La copropriété est un microcosme, avec sa logique interne, ses règles, ses codes et ses singularités. Le rapport des copropriétaires à leur immeuble ne les conduit étrangement pas à lui attribuer une valeur. Cette approche schizophrénique entre un attachement aux parties privatives, auxquelles on donne un prix particulier, et des parties communes qu’on n’a jamais vraiment l’impression de détenir mène à une aberration économique : personne ne considère que son immeuble collectif à une valeur en soi. Tout se passe comme si les copropriétaires estimaient que cette valeur était strictement la somme des valeurs des lots qui composent l’immeuble.
La valeur d’un bien
On pourrait tenir ses considérations pour métaphysiques. En fait, elles expliquent l’insuffisante envie des copropriétaires d’entretenir ou de rénover leur copropriété. Ils ne mesurent pas que la valeur de leur appartement dépend de celle de l’immeuble. Tout au plus ont-ils conscience que l’état de leur entrée commune, de leur cage d’escalier, de leur façade, éléments apparents, compte pour un acquéreur lorsqu’ils cèdent… ou pour un visiteur lorsqu’ils accueillent un invité. Seule la conscience que la valeur des parties privatives dépend largement des parties communes peut déclencher la décision d’engager des travaux significatifs, notamment de transition écologique.
Et celle de l’immeuble
Il reste que cette prise de conscience ne peut être éveillée si aucune valeur n’est calculée ni associée à l’immeuble.
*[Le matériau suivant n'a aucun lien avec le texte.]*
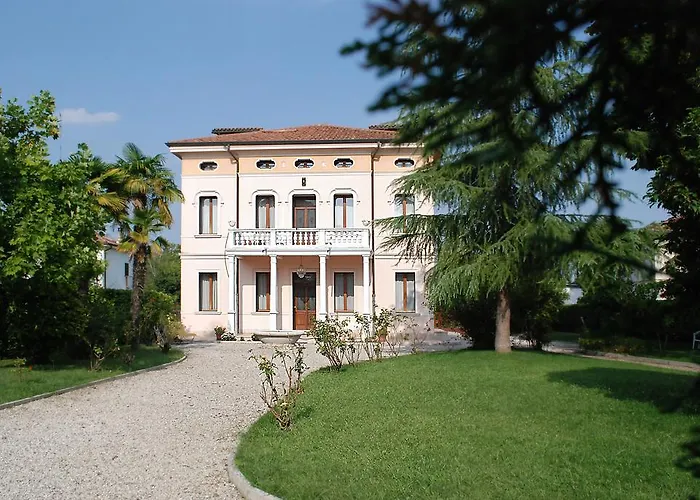 B&B Villa Romano 住宿加早餐酒店 4*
Pourquoi les copropriétés ne procéderaient-elles pas à une expertise régulière, par exemple triennale ? Pas de nécessité d’obligation légale… Il serait d’ailleurs bon d’apprendre à s’en passer ! Juste un réflexe de connaissance patrimoniale pour les copropriétaires, avec deux visées pour le syndic : convaincre que l’immeuble, notamment grâce à ses parties communes, est porteur d’une valeur objective supérieure à l’addition des valeurs des lots qu’il comprend, et appréhender ce qui fait évoluer favorablement cette valeur. Pour les travaux de rénovation énergétique, cette dialectique entre parties privatives et parties communes est au cœur du sujet : on sait que redresser la performance d’un logement se fera essentiellement par des travaux sur l’enveloppe, et dans une bien moindre mesure en intervenant dans les parties privatives. On sait aussi que l’effort financier d’un copropriétaire viendra de sa quote-part des parties communes et donc du coût des travaux sur l’immeuble lui-même, plus que des travaux privatifs, dans un rapport de un à quatre ou à cinq. Il en va d’ailleurs ainsi de tous les grands progrès techniques dans l’immeuble, de l’installation des équipements majeurs tel l’ascenseur à la réfection du bâti ou de la couverture. Sans certitude que la valeur de l’immeuble sortira augmentée des travaux préconisés, les copropriétaires ne voteront pas des travaux sur les parties communes.
Transition énergétique
Certes, c’est par le gain en performances énergétiques que l’on va mesurer l’efficacité des travaux de nature environnementale, mais ce seul indicateur ne convertit pas les copropriétaires, et la transition écologique des copropriétés peine à prendre son rythme de croisière. La désolvabilisation des ménages par l’inflation tous azimuts en est évidemment la cause majeure, mais le sentiment d’une dépense plus que d’investissement n’y est pas pour rien. Pis encore, l’impression, peu encourageante, d’une obligation punitive : si vous n’engagez pas les actions correctives, votre appartement va perdre de sa valeur. Il faut administrer la preuve par l’expertise que les travaux font monter la valeur, et de l’immeuble dans son ensemble, et de chaque lot privatif. L’expertise doit être utilisée sans délai comme levier de conscience de la valorisation patrimoniale des copropriétés et des copropriétaires. Passer d’une logique étroitement immobilière à une logique d’actif sera salutaire.